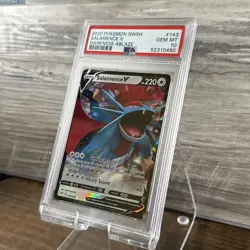 2020 Pokemon SWSH Darkness Ablaze Salamence V #143 PSA 10 - Image 4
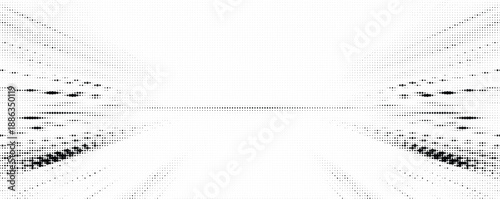 Halftone pattern with gradient effect in black and white tones on both sides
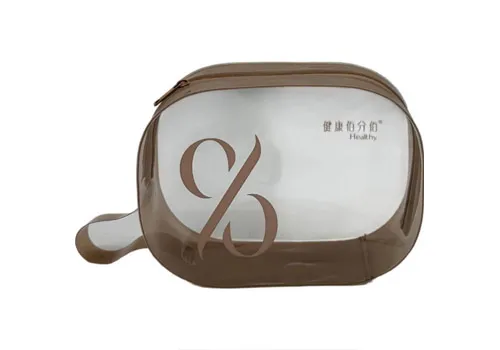 Custom Logo Printed Smoky Clear PVC Handheld Cosmetic Makeup Bag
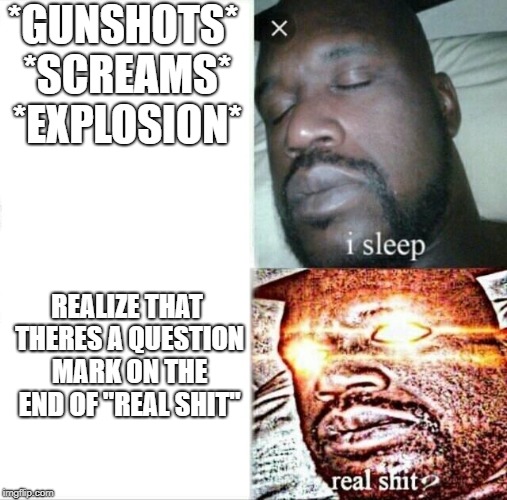 Sleeping Shaq Meme | *GUNSHOTS* *SCREAMS* *EXPLOSION*; REALIZE THAT THERES A QUESTION MARK ON THE END OF "REAL SHIT" | image tagged in memes,sleeping shaq | made w/ Imgflip meme maker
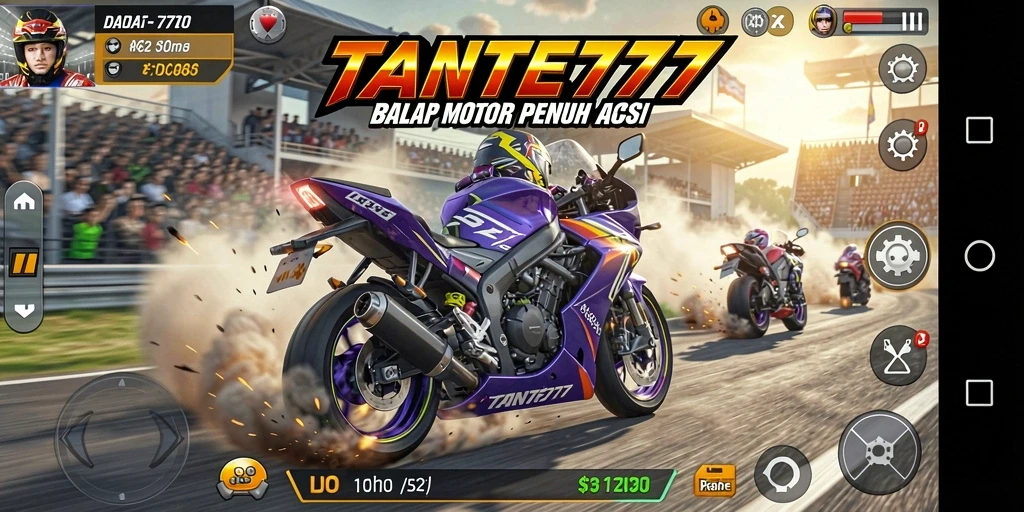 Tangkapan layar dari gameplay TANTE777 menunjukkan balapan motor yang seru.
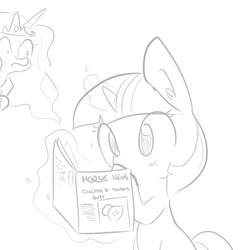 Size: 1280x1280 | Tagged: safe, artist:tjpones, princess celestia, twilight sparkle, alicorn, pony, unicorn, blushing, duo, grayscale, implants, levitation, magazine, magic, monochrome, shrunken pupils, simple background, telekinesis, this will end in tears and/or a journey to the moon, white background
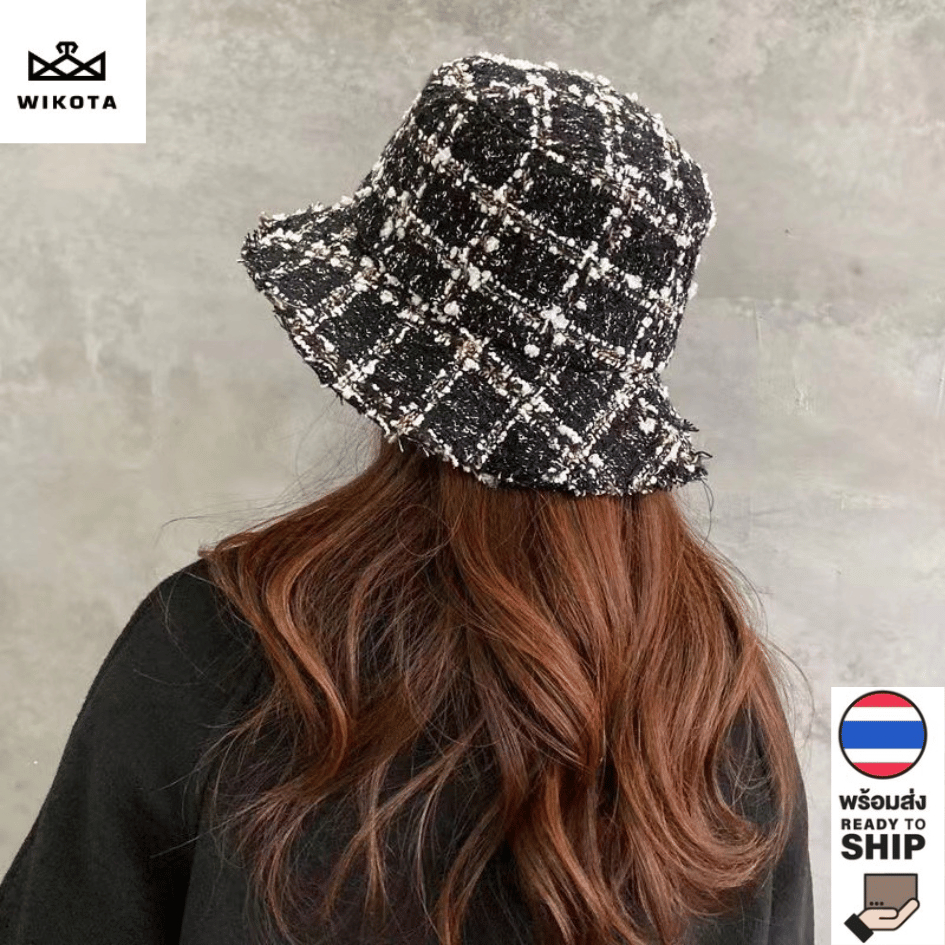 [W0146] หมวกบักเก็ต หมวกกันแดด ผ้าทวิตสีพื้น ตกแต่งกากเพชร สไตล์เกาหลี
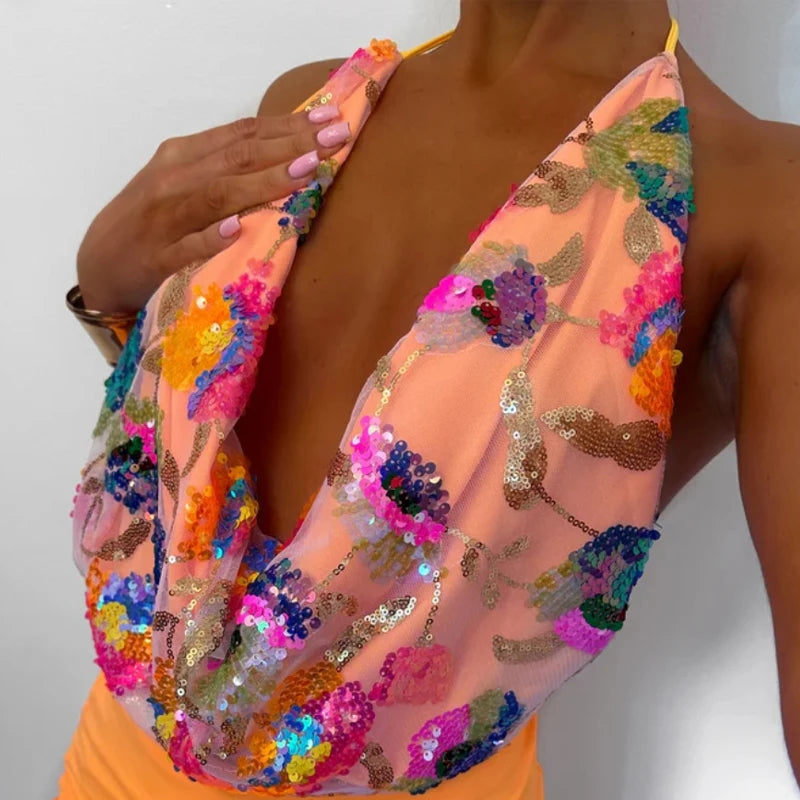 Colorful Sequin Halter Plunge-Neck Set Sleeveless Backless Vest Bodycon Mini Skirt 2025 Summer Party Chic Suit Sexy Lady Outfit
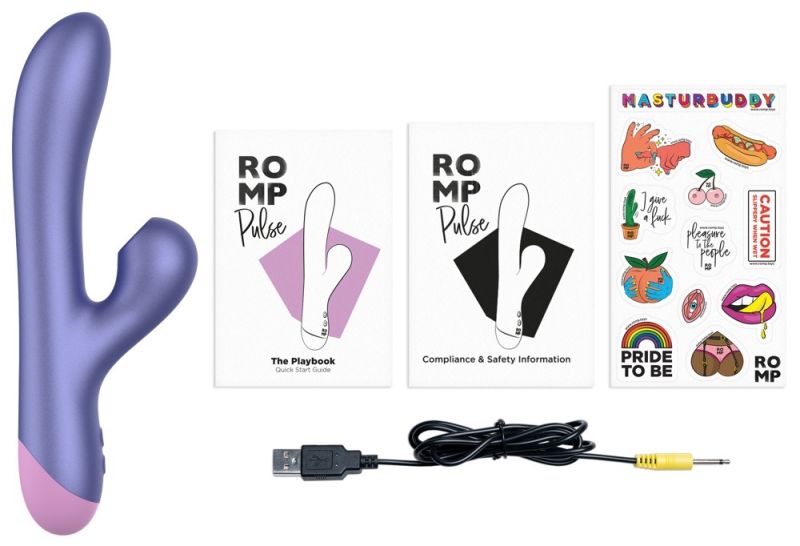 Вибратор-кролик с пульсатором для клитора ROMP Pulse фиолетовый вид 12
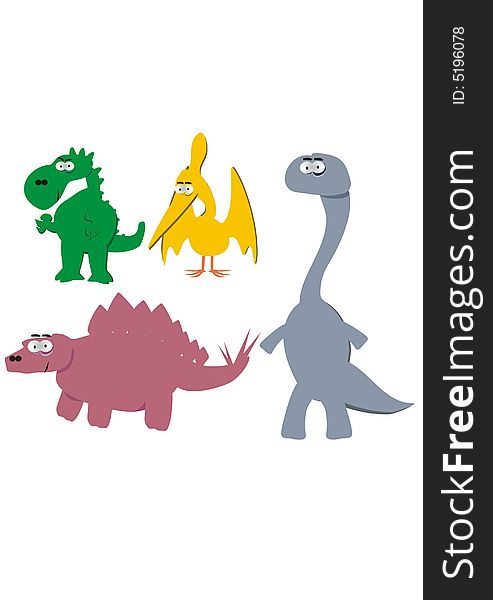 Cute cartoon dinosaurs comic illustrations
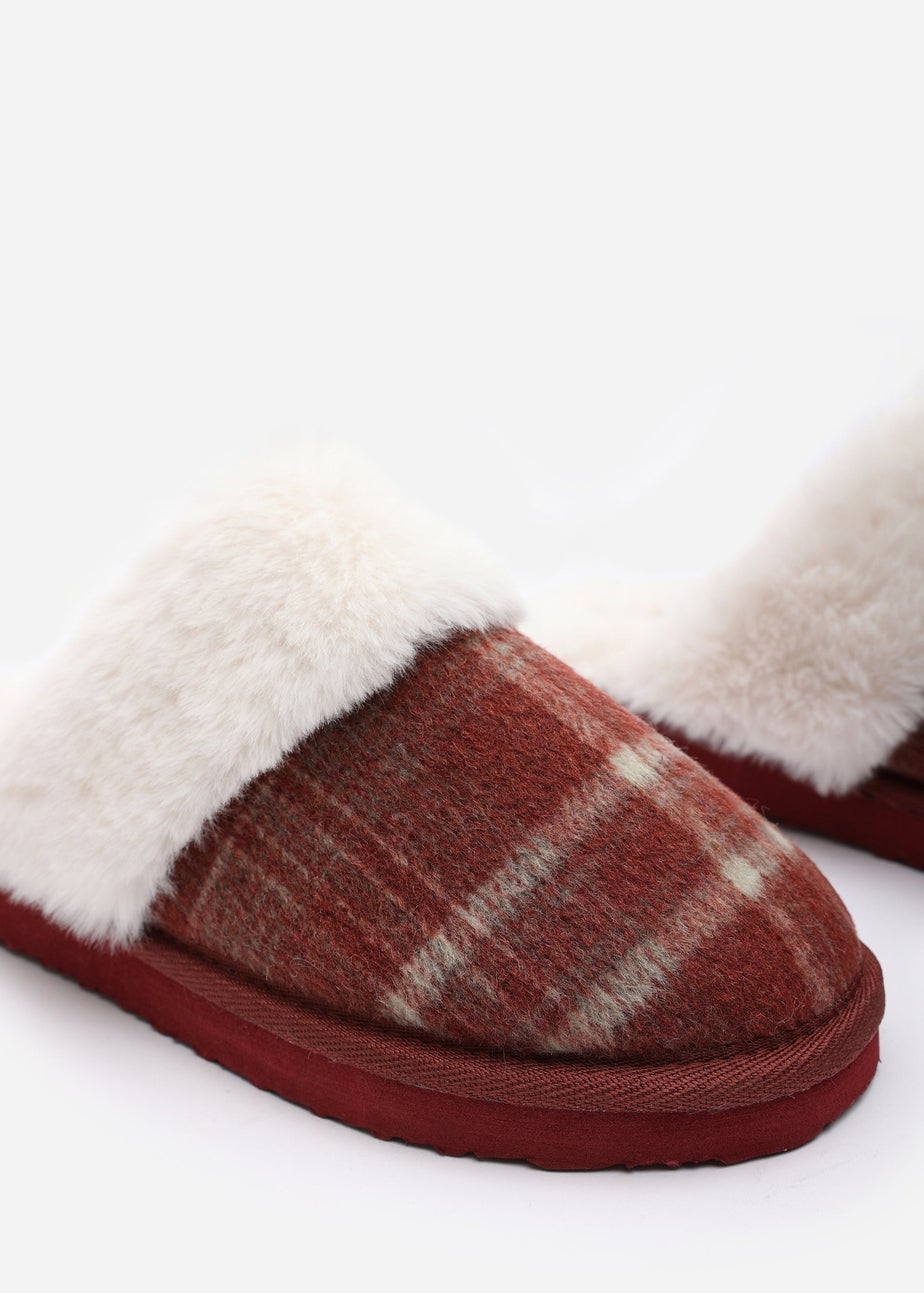 Wheres That From Inaya Red Plaid Faux Fur Mule Slippers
++++++
### PROBLEM STATEMENT:
Once the line holding "Cute cartoon dinosaurs comic illustrations" is found, set down that line and every line after it, exactly, through the last line of the records above, omitting pictures.

### WRITTEN SOLUTION:
 Cute cartoon dinosaurs comic illustrations
 Wheres That From Inaya Red Plaid Faux Fur Mule Slippers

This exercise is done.